Participants : Corentin Follenfant, Fabien Gandon, Olivier Corby.

Industrial Business Intelligence (BI) proposes tools and methods to perform data analysis over heterogeneous enterprise sources. They allow one to harvest, federate, cleanse, annotate, query, organize and visualize data in order to support decision making with human-readable documents such as reports, dashboards, mobile visualizations. Such processes currently require expertise in technical domains like relational modeling in order to produce relevant content.

Users willing to do so without following the learning curve have to reuse existing content to create new one, and need to be guided throughout the workflow. Recommender systems can contribute to easing their progression, but most of them will operate inside walled garden for specific tasks instead of assisting the user throughout his workflow.

Semantic Web tools allow us to provide a common ground for modeling the different operations that compose BI workflows with RDFS vocabularies, capturing usage of the underlying transformations operators within document repositories with RDF graphs, and enabling further composition and reuse of BI operations to achieve new analysis. We introduced with [38] an extension of the RDF Data Cube vocabulary( ) to describe these operations as flexible services that are composed by matching multidimensional data structures interfaces, and validated this model on a production repository containing 900 BI documents decomposed into 8000 documents snippets.

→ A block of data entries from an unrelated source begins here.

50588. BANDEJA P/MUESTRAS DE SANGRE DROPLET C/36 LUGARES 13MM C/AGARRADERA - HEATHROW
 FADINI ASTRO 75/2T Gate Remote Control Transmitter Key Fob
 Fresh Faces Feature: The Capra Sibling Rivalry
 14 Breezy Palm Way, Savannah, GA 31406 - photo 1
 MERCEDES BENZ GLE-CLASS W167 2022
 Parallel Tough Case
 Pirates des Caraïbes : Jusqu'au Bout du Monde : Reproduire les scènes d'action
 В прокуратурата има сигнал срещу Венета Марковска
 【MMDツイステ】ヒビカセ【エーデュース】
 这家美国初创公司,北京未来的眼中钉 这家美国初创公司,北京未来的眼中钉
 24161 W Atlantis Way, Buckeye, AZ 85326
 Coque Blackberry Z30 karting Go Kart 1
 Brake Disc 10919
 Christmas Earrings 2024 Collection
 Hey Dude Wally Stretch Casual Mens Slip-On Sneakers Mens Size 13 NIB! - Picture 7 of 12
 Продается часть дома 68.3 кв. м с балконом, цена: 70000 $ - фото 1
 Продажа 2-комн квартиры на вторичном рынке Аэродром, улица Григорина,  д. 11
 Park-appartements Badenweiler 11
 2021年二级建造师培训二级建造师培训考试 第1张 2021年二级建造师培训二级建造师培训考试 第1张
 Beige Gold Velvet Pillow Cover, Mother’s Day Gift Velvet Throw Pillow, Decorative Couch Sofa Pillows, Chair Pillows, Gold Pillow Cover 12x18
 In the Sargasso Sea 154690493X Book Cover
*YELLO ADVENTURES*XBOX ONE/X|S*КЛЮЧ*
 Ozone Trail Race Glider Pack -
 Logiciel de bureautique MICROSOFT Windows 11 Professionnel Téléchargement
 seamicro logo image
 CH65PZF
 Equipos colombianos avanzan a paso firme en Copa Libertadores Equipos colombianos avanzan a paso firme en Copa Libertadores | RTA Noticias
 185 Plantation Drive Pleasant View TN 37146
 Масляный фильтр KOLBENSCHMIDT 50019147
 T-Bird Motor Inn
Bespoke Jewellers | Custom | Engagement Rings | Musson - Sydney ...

The underlying sequence of operations specific to each snippet was then extracted into a unique RDF graph. Aggregate SPARQL queries allow us to compute basic usage statistics for BI operations that can feed recommender systems such as BI workflows wizards. Besides refining the proposed model, next steps include evaluating the technical usability of SPARQL property paths patterns for data lineage and to identify frequent patterns in sequences of BI operations.

This PhD Thesis is done with a CIFRE industrial grant from SAP Research.